I have some questions regarding the raw competence data in NEPS SC3. The file I am working with is Stata\SC3_xTargetCompetencies_D_10-0-0.dta.
For starters, I would like to model a simple SEM growth model in Stata to see how competences change from grade 5 to 7 to 9. My code looks like this.
clear all version 16.1 use "Stata\SC3_xTargetCompetencies_D_10-0-0.dta" keep ID_t mag* nepsmiss global math5 mag5d041_c mag5q291_c mag5q292_c mag5v271_c mag5r171_c /// mag5q231_c mag5q301_c mag5q221_c mag5d051_c mag5d052_c mag5q14s_c /// mag5q121_c mag5r101_c mag5r201_c mag5q131_c mag5d02s_c mag5d023_c mag5v024_c /// mag5r251_c mag5v01s_c mag5v321_c mag5v071_c mag5r191_c mag5v091_c global math7 mag9q071_sc3g7_c mag7v071_c mag7r081_c mag7q051_c mag5q301_sc3g7_c /// mag9d151_sc3g7_c mag5d051_sc3g7_c mag5d052_sc3g7_c mag9v011_sc3g7_c /// mag9v012_sc3g7_c mag7q041_c mag7d042_c mag7r091_c mag9q181_sc3g7_c mag7d011_c /// mag7v012_c mag7v031_c mag5r251_sc3g7_c mag7d061_c mag5v321_sc3g7_c /// mag9v091_sc3g7_c mag5r191_sc3g7_c mag7r02s_c global math9 mag9d151_sc3g9_c mag9d201_sc3g9_c mag9d05s_c mag9d061_c mag9d111_c /// mag9d09s_c mag9d131_c mag9q021_sc3g9_c mag9q071_sc3g9_c mag9q081_sc3g9_c /// mag9q101_sc3g9_c mag9q181_sc3g9_c mag9q211_sc3g9_c mag9q121_c mag9q151_c /// mag9q191_c mag9q021_c mag9q041_c mag9q011_c mag9q031_c mag9r051_sc3g9_c /// mag9r061_sc3g9_c mag9r111_sc3g9_c mag9r191_sc3g9_c mag9r261_sc3g9_c /// mag9r10s_c mag9r14s_c mag9v011_sc3g9_c mag9v012_sc3g9_c mag9v091_sc3g9_c /// mag9v121_sc3g9_c mag9v131_sc3g9_c mag9v13s_sc3g9_c mag9v081_c sum $math5 sum $math7 sum $math9 egen nmissmath5 = rowmiss($math5) fre nmissmath5 egen nmissmath7 = rowmiss($math7) fre nmissmath7 egen nmissmath9 = rowmiss($math9) fre nmissmath9 *Latent model* gsem (Math5 -> $math5, ologit) (Math7 -> $math7, ologit) (Math9 -> $math9, ologit) /// (Math5 -> Math7) (Math7 -> Math9) /// , nocapslatent latent(Math5 Math7 Math9)
My first question is whether I got all raw items.
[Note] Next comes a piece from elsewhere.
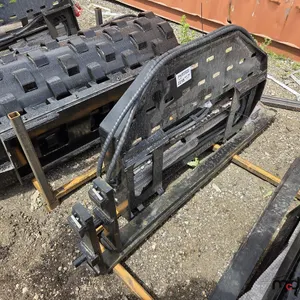 2026 GIYI Skid Steer Side Shift Fork
 UNRESERVED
From the enumeration of the variables I assume it should work but some names are rather confusing like mag9q181_sc3g7_c. What I took from the documentation file is that this var is still given to pupils in grade 7 and thus contributes to the Math7 construct.
My next question regards the missing values. When we look at the output of nmissmath9, we see every pupil has at least 11 missing values, so no pupil worked on all 34 items. How does this affect my estimation and how should I handle this? My hunch is that I could draw a limit and restrict the sample to all pupils who at least answered 20 out of the 34 items. Is there any guidline for doing so?